La puerta se cerró, cortando el estruendo de la música, pero el silencio en el interior de ese extraño cuarto era tan estridente como un grito.
Ehlena miró el escritorio donde él había dejado deliberadamente un fajo de billetes con veinticinco mil dólares y un bloque de cocaína envuelto en papel celofán.
—Me dijiste que hacías negocios —dijo ella—. Supongo que fue culpa mía suponer que se trataba de negocios legítimos.
Lo único que Rehv pudo hacer fue mirarla fijamente; se había quedado sin palabras y tenía la respiración tan alterada que no creía poder hablar. Lo único cosa que podía hacer mientras ella permanecía rígida y furiosa frente a él era memorizar su imagen, desde la manera como llevaba recogido el pelo rubio rojizo, pasando por los ojos color caramelo y su sencillo abrigo negro, hasta su forma de mantener las manos en los bolsillos, como si no quisiera tocar nada.
Rehv no quería recordarla así, pero como ésa era la última vez que la vería, no pudo evitar fijarse en cada detalle.
Ehlena desvió los ojos hacia las drogas y el dinero en efectivo, y luego lo miró a los ojos.
—Así que es cierto. Todo lo que dijo tu ex novia.
—Es mi hermanastra. Y, sí. Todo.
La mujer que amaba dio un paso hacia atrás para alejarse de él y el miedo la hizo llevarse la mano a la garganta. Rehv sabía exactamente lo que Ehlena estaba pensando: estaba recordando la imagen de él alimentándose de su vena y la imagen de ellos dos juntos y desnudos en la cama. Estaba replanteándose sus recuerdos y tratando de asimilar el hecho de que no había sido un vampiro el que se había alimentado de su cuello.
Había sido un symphath.
—¿Por qué me has traído aquí? —dijo ella—. Simplemente habrías podido decirme por teléfono que… No, no importa. Me voy a casa. Y no vuelvas a llamarme, no te molestes en buscarme…
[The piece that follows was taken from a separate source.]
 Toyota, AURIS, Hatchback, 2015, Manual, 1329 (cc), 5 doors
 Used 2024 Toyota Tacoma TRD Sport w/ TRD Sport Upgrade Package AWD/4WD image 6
Rehv hizo una pequeña venia y luego dijo con voz ahogada:
—Como quieras.
Ehlena dio media vuelta y se dirigió a la puerta.
—Ahora, ¿tendría alguien la amabilidad de dejarme salir de este maldito lugar?
Después de que Xhex se acercara y le abriera la puerta, Ehlena salió casi corriendo.
Cuando la puerta se cerró, Rehv la trancó mentalmente y se quedó allí, donde ella lo había dejado.
Estaba destruido. Completamente acabado. Y no sólo porque pensaba entregarse en cuerpo y alma a una sociópata sádica que lo iba a torturar hasta matarlo e iba a disfrutar cada minuto de su sufrimiento.
Cuando sintió que su vista se nublaba y todo se volvía rojo, sabía que no era porque su lado malo estuviera aflorando. No había ninguna posibilidad. Se había inyectado suficiente dopamina durante las últimas doce horas como para dormir a un caballo, porque de otra manera no estaba seguro de ser capaz de dejar marchar a Ehlena. Necesitaba enjaular su lado malo por última vez… para poder hacer lo correcto por la razón correcta.
Así que no, ese color rojo no iba a desembocar en la pérdida de la percepción de profundidad y en el regreso de las sensaciones corporales.
Rehvenge sacó del bolsillo de su chaqueta uno de los pañuelos que su madre había planchado y se lo llevó a los ojos. Las lágrimas rojas que brotaban de ellos no eran sólo por Ehlena y por él mismo. Bella había perdido a su madre hacía apenas cuarenta y ocho horas.
Y al final de la noche iba a perder también a su hermano.
Rehv respiró profundamente, con tanta intensidad que las costillas le dolieron. Luego se guardó el pañuelo y siguió con el proceso de acabar con su vida.
De una cosa estaba seguro: la princesa iba a tener que pagar. Pero no por lo que le había hecho y le iba a hacer a él. Nada de eso.
No, ella se había atrevido a acercarse a su hembra. Y por esa razón él iba a acabar con ella, aunque eso terminara por matarlo.